We could go on about the fact that this is yet another useless government quango that amazingly describes its mission as “acting in the interests of consumers is to ensure that: the prices charged are fair and reasonable”.
But we won’t! We’ll be a whole lot more positive and provide a listing of simple Top Tips that you can apply to your day to day lives which should cut down on your usage of both gas and electricity. This is something that I’ve successfully done in the past, and continue to do today. With a little bit of thought and effort, you could at least save yourself the cost of any price increases.
Here’s our Top Tips to reduce your electricity costs:
- Unplug your phone charger when its not actually charging a phone.
- Turned off your TV/Video/DVD/Digital box at the wall at night – equipment on stand-by uses up to 20% of the energy it would use when fully on.
- As your light bulbs go out, replace them with compact fluorescent lamps (CFLs) – it’ll be the law soon anyway. These bulbs use 20% of the energy and last up to 15 times as long (though they are initially more expensive to buy).
- Always make sure to always switch off lights when you leave a room – energy is wasted lighting unoccupied rooms. Also, there’s rarely need for lights on in hallways if you’re not there – though I know it’s an “Irish thing” to have lights on in the hallway when you’re home.
- A simple thing that can be done every time you make a cup of tea – and I used to always fall foul of this myself. Stop overfilling the kettle – only boil as much water as you need.
- It’s said that you should avoid unnecessary electricity use between 5pm and 7pm. For me, I’m rarely home before 7 anyway.
- If you need to replace any home appliances (such as fridges, cookers or boilers), make sure you select A rated models which will be much more efficient.
- Don’t forget to use half load or economy programme on your washing machine, dishwasher or tumble dryer if you’re not filling them up. Alternatively, just wait for a full load.
- The temptation these days with always-on broadband is to leave your computer always on as well. Turning your computer whenever you’re not using it for more than an hour, and especially overnight and during the day if you’re at work could save you 25% of the cost of powering your computer for the year.
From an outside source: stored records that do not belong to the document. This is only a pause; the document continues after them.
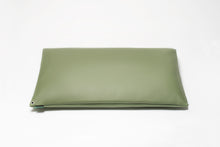 セージグリーンの枕カバー
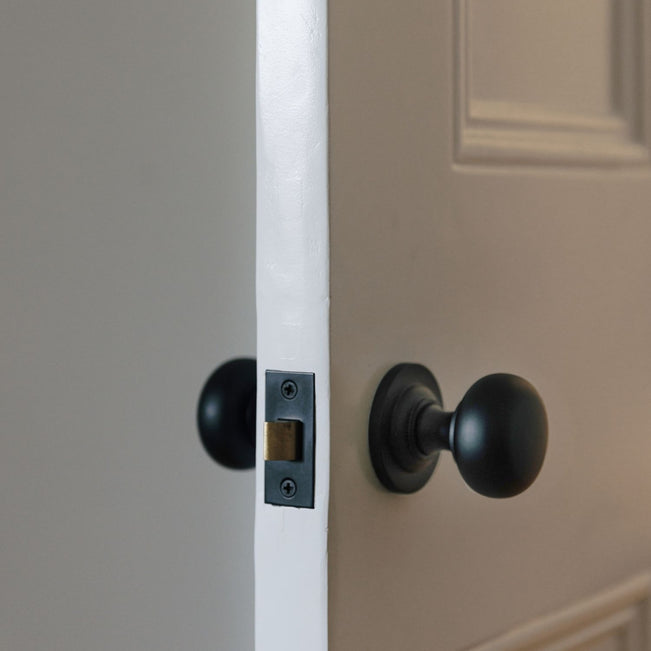 Lifestyle Iver Cambridge Knob Round Rose Passage Kit Matte Black  0203KPASS60 - The Blue Space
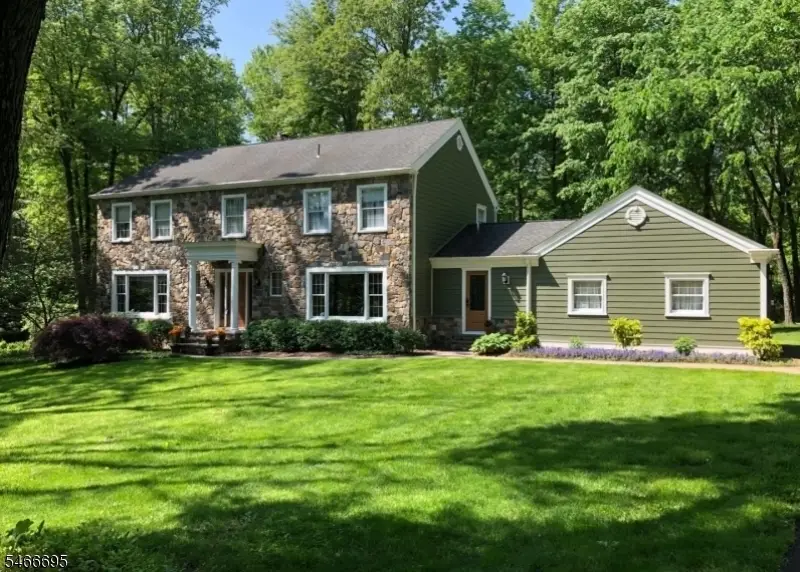 8 Stacy Ln, Basking Ridge, NJ 07920 - #1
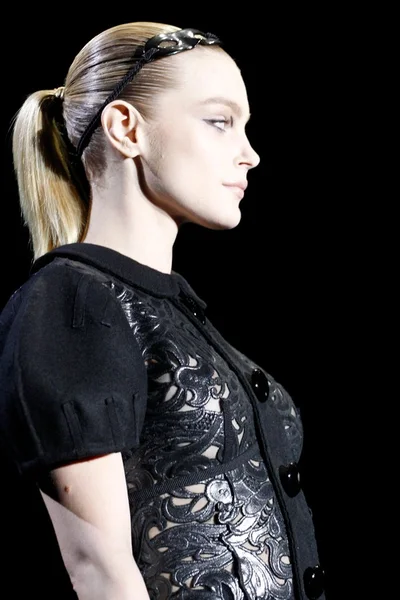 Look 201
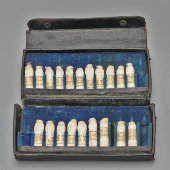 Старинная карманная аптечка доктора Роберта Д. Снайдера с аммиачными ингаляторами, Европа, кон. 19, нач. 20 вв.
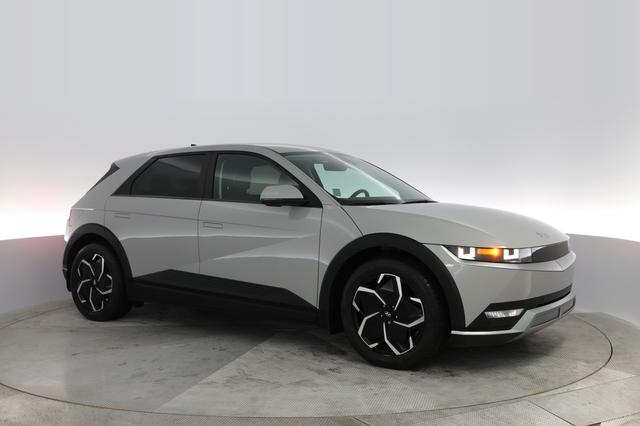 2023 Hyundai IONIQ 5 — photo 7 of 22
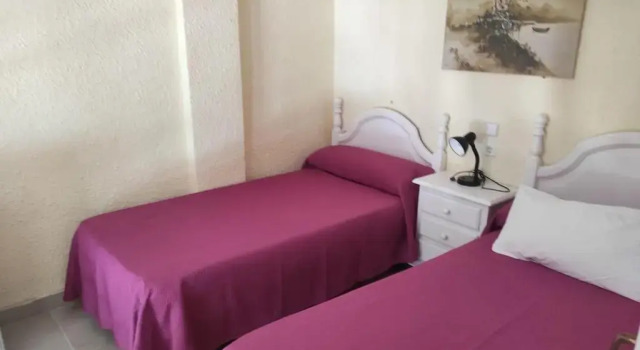 Skol 913A by Completely Marbella, Забронировать Отель Отели Марбелья с парковкой, рядом с Набережная Марбельи, Парковка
- Do you really need a tumble dryer? After the fridge, they’re the second biggest user of electricity in the household. Can you line dry your clothes instead?
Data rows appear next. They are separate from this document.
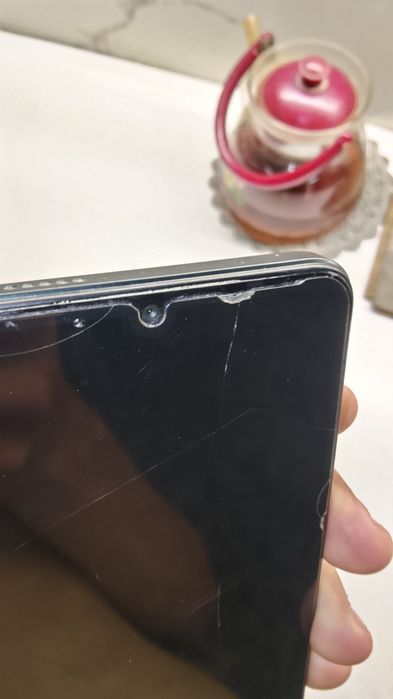 Продам телефон марки VIVO Y04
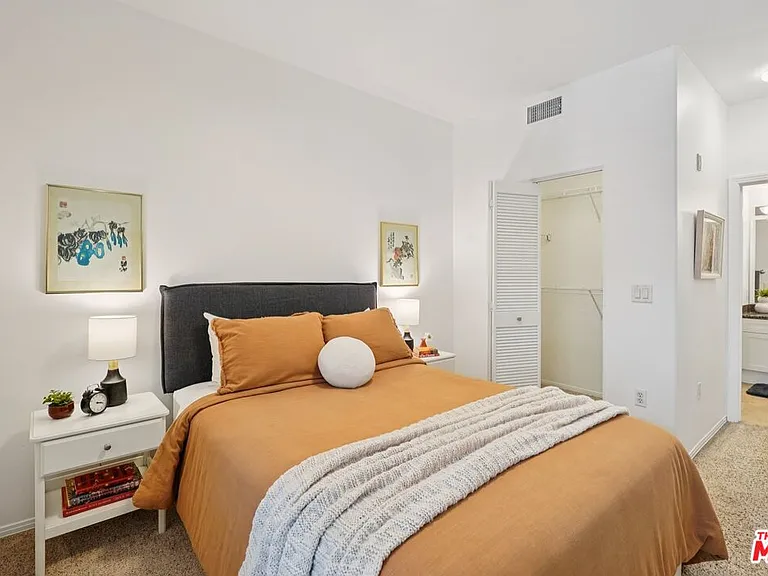 100 S Alameda St #150 — Photo 19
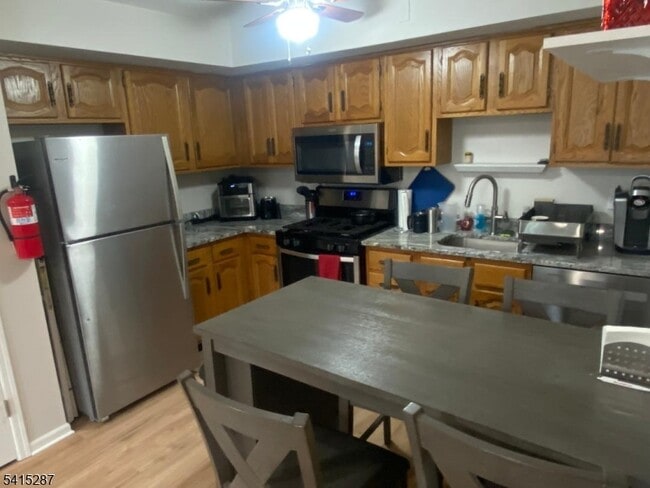 Building Photo - 105 Newark Pompton Turnpike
- Check the level your heating is turned to – I turned down my heating to 20ºC. By lowering your thermostat by 1ºC, it will knock 10% off your heating bill.
- You should also regularly check the timing settings for your central heating – do you need it on for as long as it’s currently set to be on? Even cut 10 minutes here and there.
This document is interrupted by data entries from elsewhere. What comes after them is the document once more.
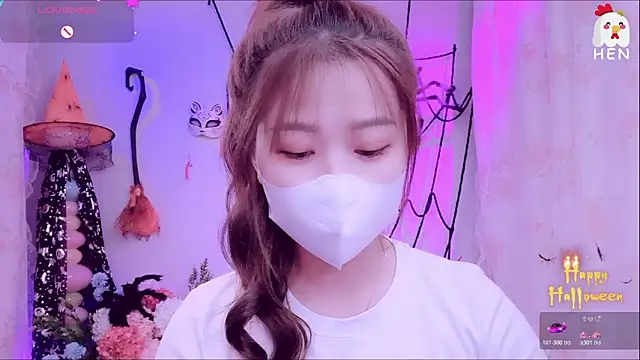 Snapshot of hen237 chatting on 10/27/25, 10:03 hen237 online show from 10/27/25, 10:03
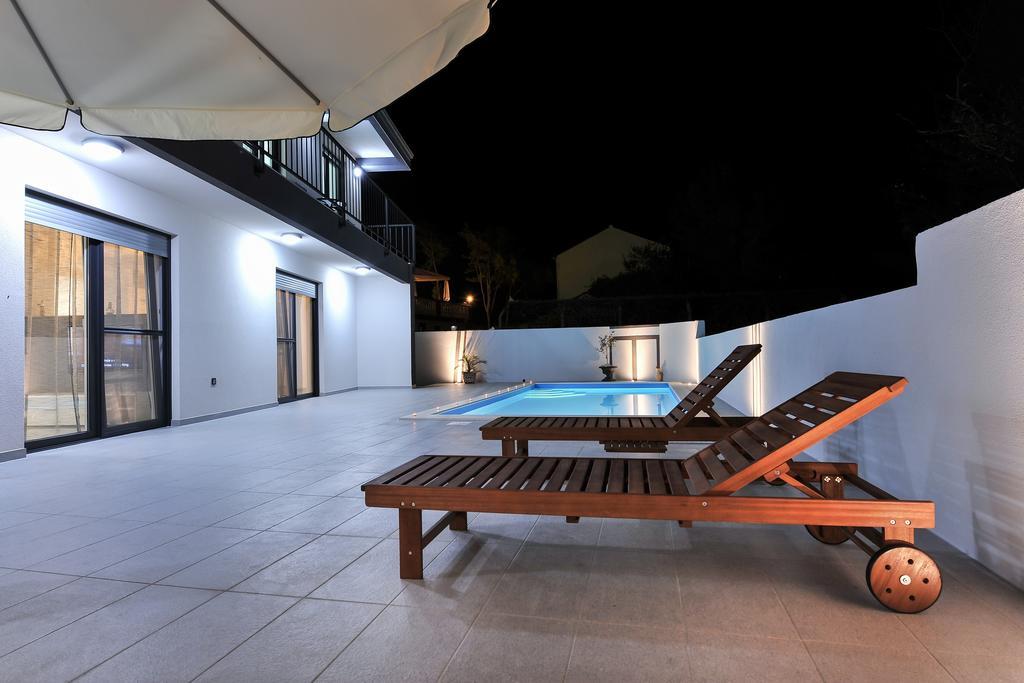 Villa Lily Privlaka  Esterno foto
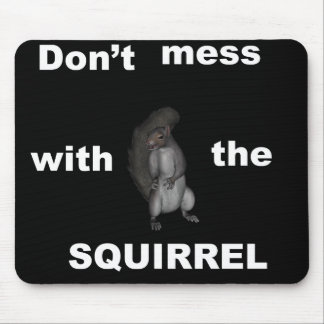 Esquilo irritado Mousepad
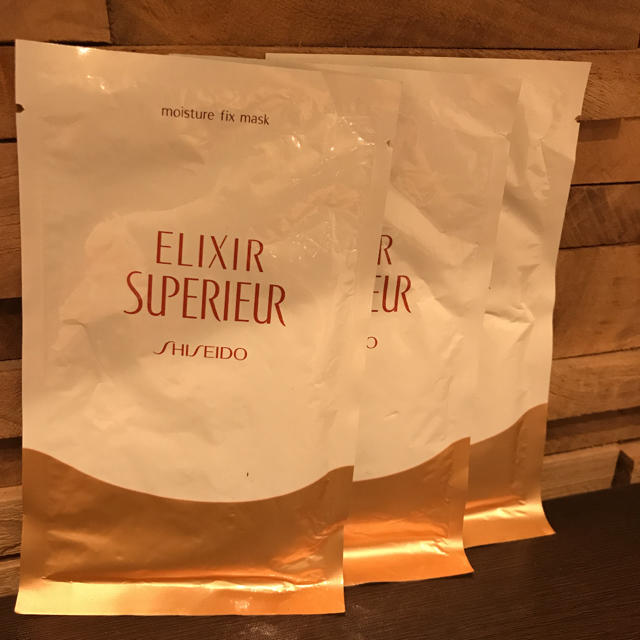 ELIXIR(エリクシール)のエルクシールシュペリエルモイストフィックスマスク コスメ/美容のスキンケア/基礎化粧品(パック/フェイスマスク)の商品写真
- Keep your curtains closed in the evenings – otherwise heat can escape through the windows. But if you have south facing windows, leave them open during the day to take in any heat that we might get in the coming months.
- Check which rooms have heat turned on in them. If you absolutely need to have heat on in those rooms, keep the doors closed – otherwise switch off the heat in those rooms.
- In such unused rooms, make sure that the windows and air vents are closed properly. Reducing drafts through the whole house will do two things – save energy on normal heating costs, and will remove any temptation to turn on the heat if people are feeling cold.
- Do you have leaky taps or shower heads especially hot water taps? Get them fixed as soon as possible to reduce wasting your hot water.
- Use less hot water wherever possible. Don’t wash your teeth, or shave, or wash the dishes under running hot water taps. Take a shower in the morning rather than a bath in the evening.
- If you’ve a gas cooker, remember that you lose 20% of the heat in the oven every time you check your dinner. Make sure you use a ring size to suit the saucepan you’re using, and always place the saucepan dead centre on the ring.
- Make sure to switch off all your central and hot water heating if you’re away for the day, or for the weekend.
- Always make sure your radiators are not covered over, or left hiding behind furniture. The clearer the space around a radiator, the better the circulation of heat around the room from it.